When unavoidable DDIs are present, the predictability of CYP3A4-based DDIs combined with the flexibility to dose adjust when co-administering DCV with strong CYP3A4 inhibitors (DCV 30 mg QD) or moderate CYP3A4 inducers (DCV 90 mg QD) helps clinicians to effectively manage these DDIs. Co-administration of DCV with strong CYP3A4 and P-gp inducers, such as anticonvulsants (e.g., carbamazepine), systemic corticosteroids, antimycobacterials (e.g., rifampin), and the herbal supplement, St John’s wort, is contraindicated.
In conclusion, the robust clinical pharmacology program of DCV has demonstrated that DCV has few or no clinically relevant DDIs with medications with which it is likely to be co-administered, and the majority of DDIs that do occur can be predicted and easily managed.

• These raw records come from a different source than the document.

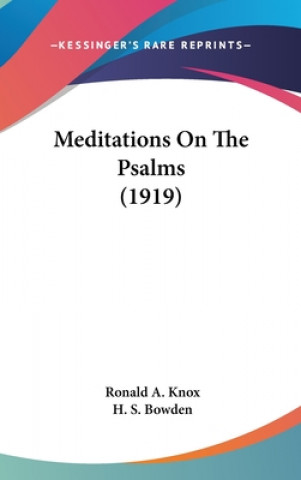 Meditations On The Psalms (1919)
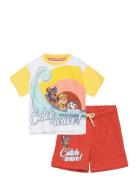 Set 2P Bermuda + Ts Sets Sets With Short-sleeved T-shirt Multi/patterned Paw Patrol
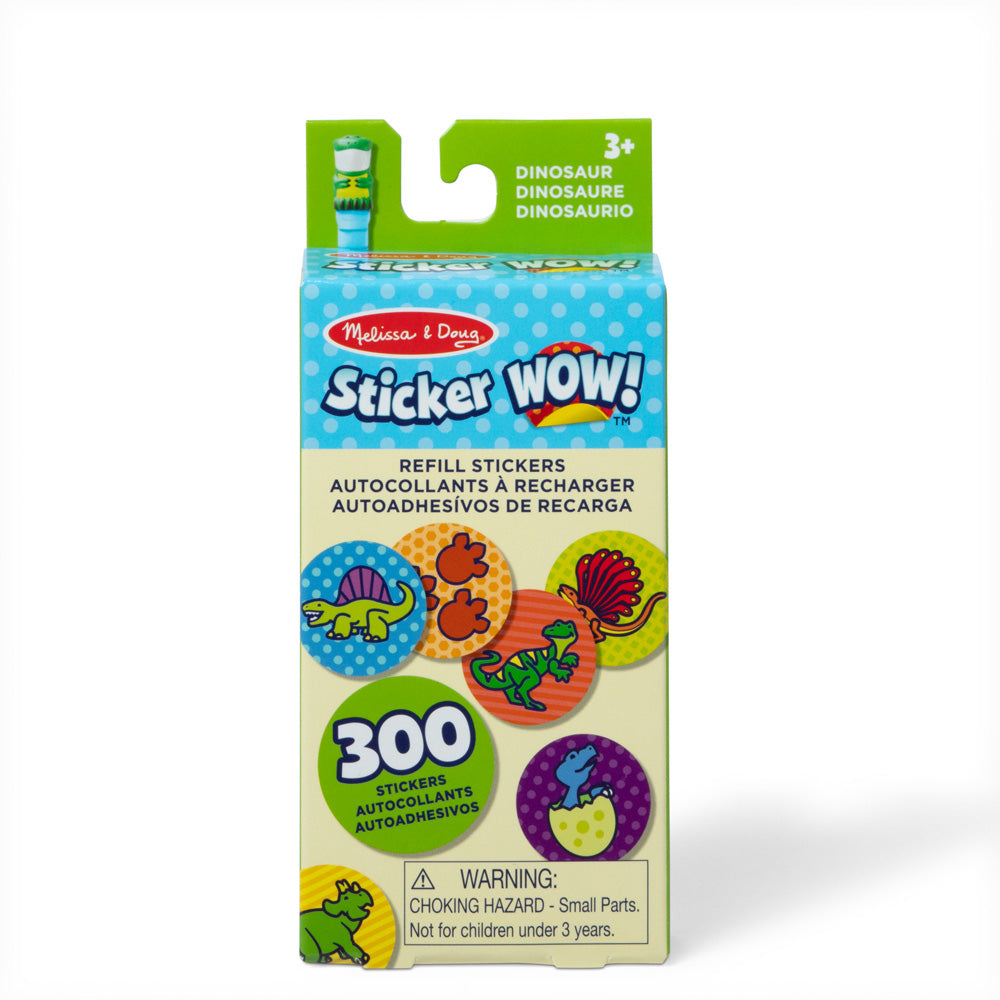 Melissa & Doug - Sticker WOW! Refill Stickers - Dinosaur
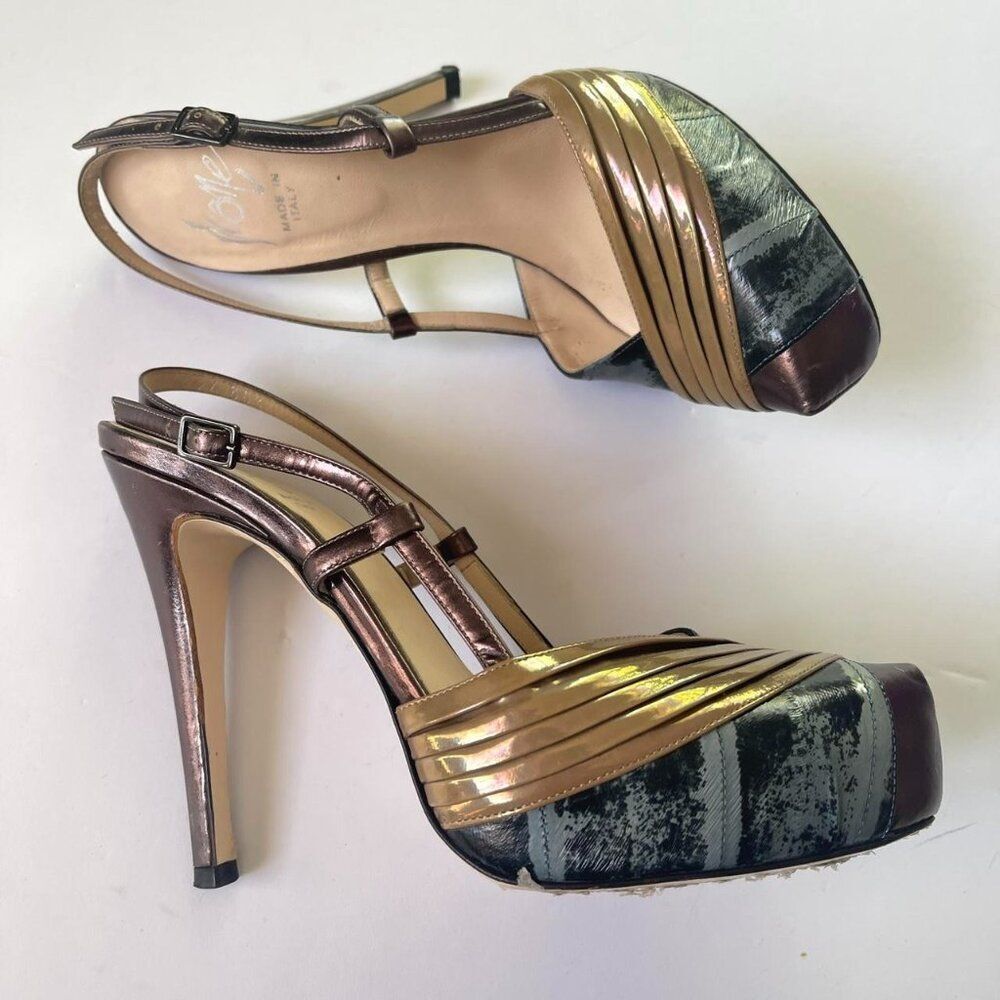 Icone brand high heels Leather shoes Italy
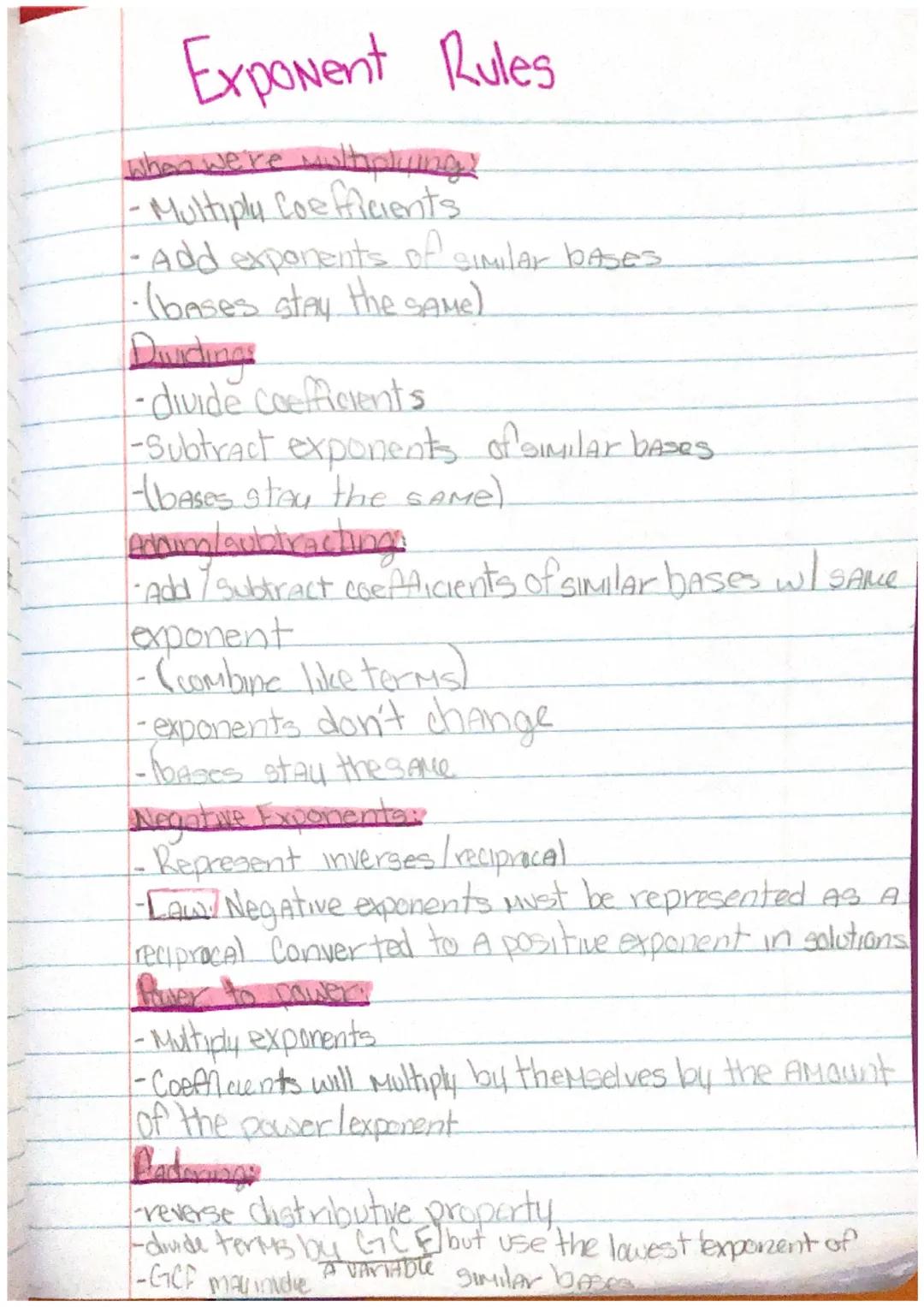 <h2 id="exponentrules">Exponent Rules</h2>
<h3 id="exponentrulesalgebra1multiplication">Exponent Rules Algebra 1 Multiplication</h3>
<p>When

Electronic supplementary material
Below is the link to the electronic supplementary material.
Acknowledgments
Sponsorship, article processing charges, and the open access charge for this study were funded by Bristol-Myers Squibb. Editorial assistance with the drafting of this manuscript was provided by A. Stead of Articulate Science, Manchester, UK, and funded by Bristol-Myers Squibb. The authors acknowledge and thank all the physicians, associated health-care professionals, and patients who took part in the studies listed within this manuscript. All named authors meet the International Committee of Medical Journal Editors (ICMJE) criteria for authorship for this manuscript, take responsibility for the integrity of the work as a whole, and have given final approval to the version to be published. All authors had full access to all of the data in this study and take complete responsibility for the integrity of the data and accuracy of the data analysis.
Disclosures
Tushar Garimella was an employee of Bristol-Myers Squibb at the time the studies were conducted and may be a shareholder. Xiaoli You was an employee of Bristol-Myers Squibb at the time the studies were conducted and may be a shareholder. Reena Wang was an employee of Bristol-Myers Squibb at the time the studies were conducted and may be a shareholder. Shu-Pang Huang was an employee of Bristol-Myers Squibb at the time the studies were conducted and may be a shareholder. Hamza Kandoussi was an employee of Bristol-Myers Squibb at the time the studies were conducted and may be a shareholder. Marc Bifano was an employee of Bristol-Myers Squibb at the time the studies were conducted and may be a shareholder. Richard Bertz was an employee of Bristol-Myers Squibb at the time the studies were conducted and may be a shareholder. Timothy Eley was an employee of Bristol-Myers Squibb at the time the studies were conducted and may be a shareholder.
Compliance with Ethics Guidelines
All procedures followed were in accordance with the ethical standards of the responsible committee on human experimentation (institutional and national) and with the Helsinki Declaration of 1964, as revised in 2013. Informed consent was obtained from all patients for being included in the studies.